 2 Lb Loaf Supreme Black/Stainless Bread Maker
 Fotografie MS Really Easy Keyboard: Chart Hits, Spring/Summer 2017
* * *
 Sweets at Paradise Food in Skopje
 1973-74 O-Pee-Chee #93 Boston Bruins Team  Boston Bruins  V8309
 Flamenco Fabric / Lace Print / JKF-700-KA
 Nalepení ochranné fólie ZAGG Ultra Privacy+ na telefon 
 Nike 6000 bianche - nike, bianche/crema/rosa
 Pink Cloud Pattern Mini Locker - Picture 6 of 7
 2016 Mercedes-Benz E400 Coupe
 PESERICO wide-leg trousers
---
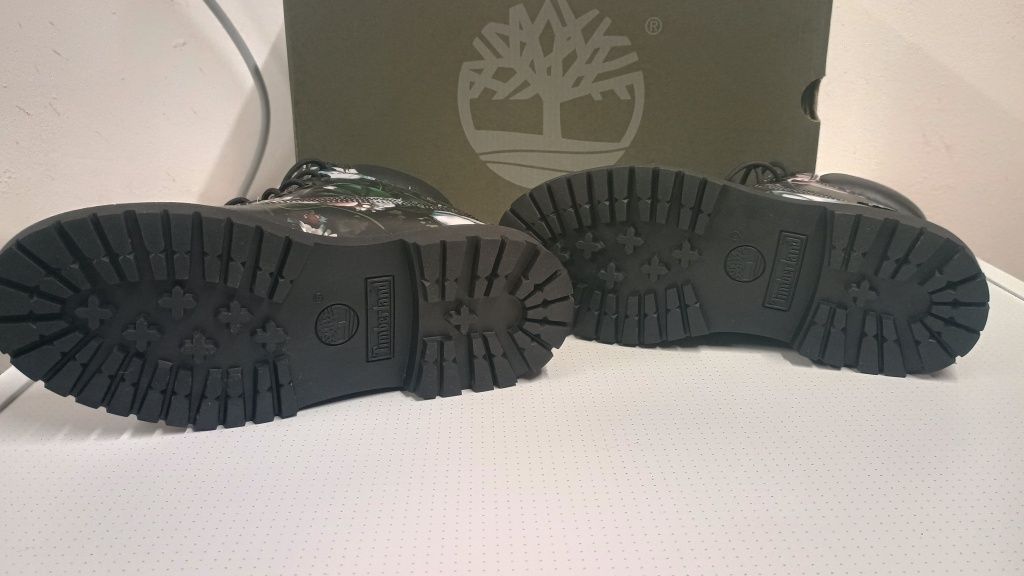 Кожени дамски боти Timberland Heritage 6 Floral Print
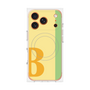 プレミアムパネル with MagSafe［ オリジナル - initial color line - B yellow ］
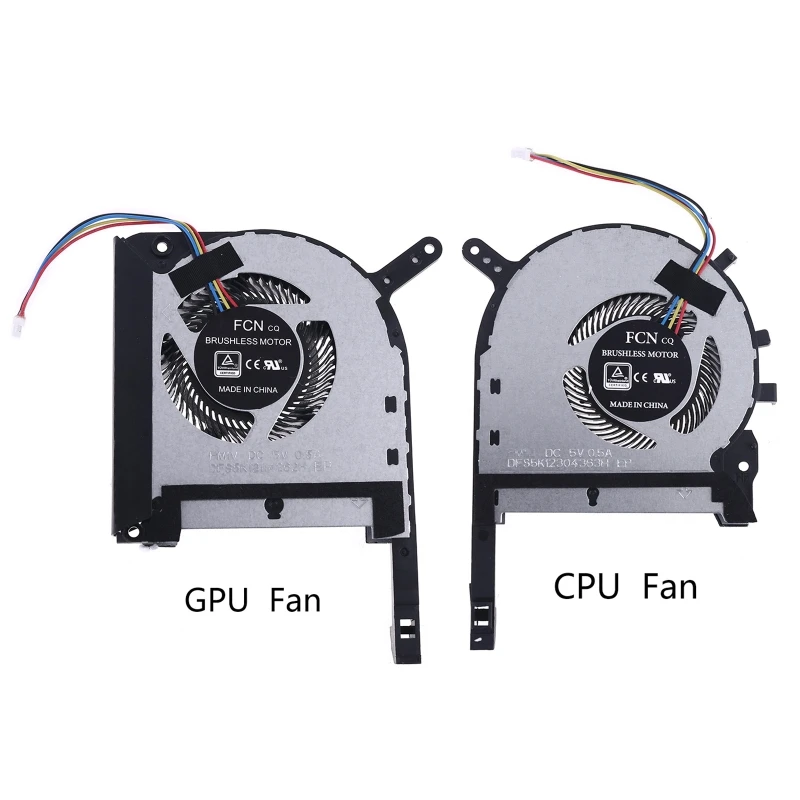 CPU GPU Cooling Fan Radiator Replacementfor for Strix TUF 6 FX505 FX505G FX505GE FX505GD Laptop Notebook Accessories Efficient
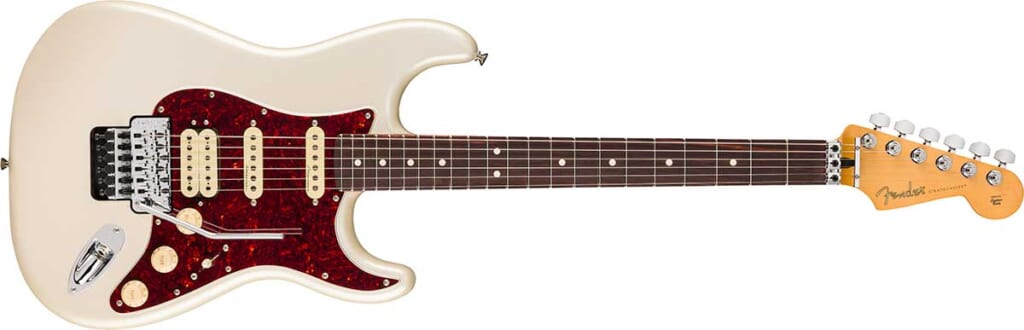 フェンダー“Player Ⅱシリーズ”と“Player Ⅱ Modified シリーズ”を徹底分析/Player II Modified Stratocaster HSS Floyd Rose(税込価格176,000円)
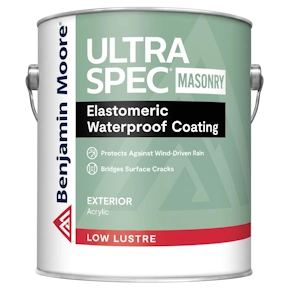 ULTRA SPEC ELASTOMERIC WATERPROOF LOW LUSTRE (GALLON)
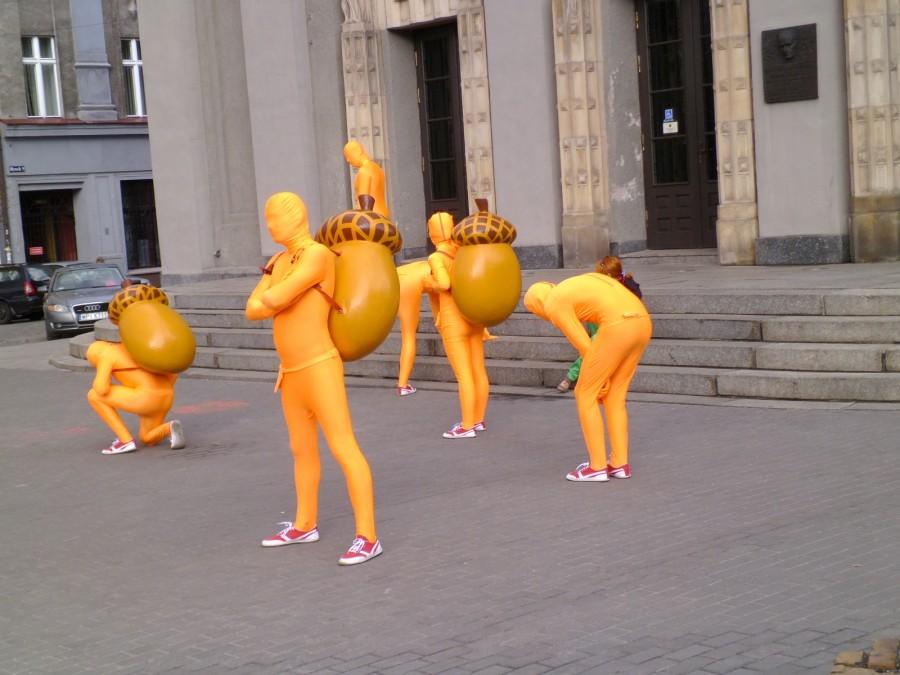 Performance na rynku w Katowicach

TASK STATEMENT:
Look above for the line with "HSS Floyd Rose(税込価格176,000円)" and the line with "Performance na rynku w Katowicach", then copy exactly the lines from the first through the second, both kept, with no pictures.

ANSWER BELOW:
 フェンダー“Player Ⅱシリーズ”と“Player Ⅱ Modified シリーズ”を徹底分析/Player II Modified Stratocaster HSS Floyd Rose(税込価格176,000円)
 ULTRA SPEC ELASTOMERIC WATERPROOF LOW LUSTRE (GALLON)
 Performance na rynku w Katowicach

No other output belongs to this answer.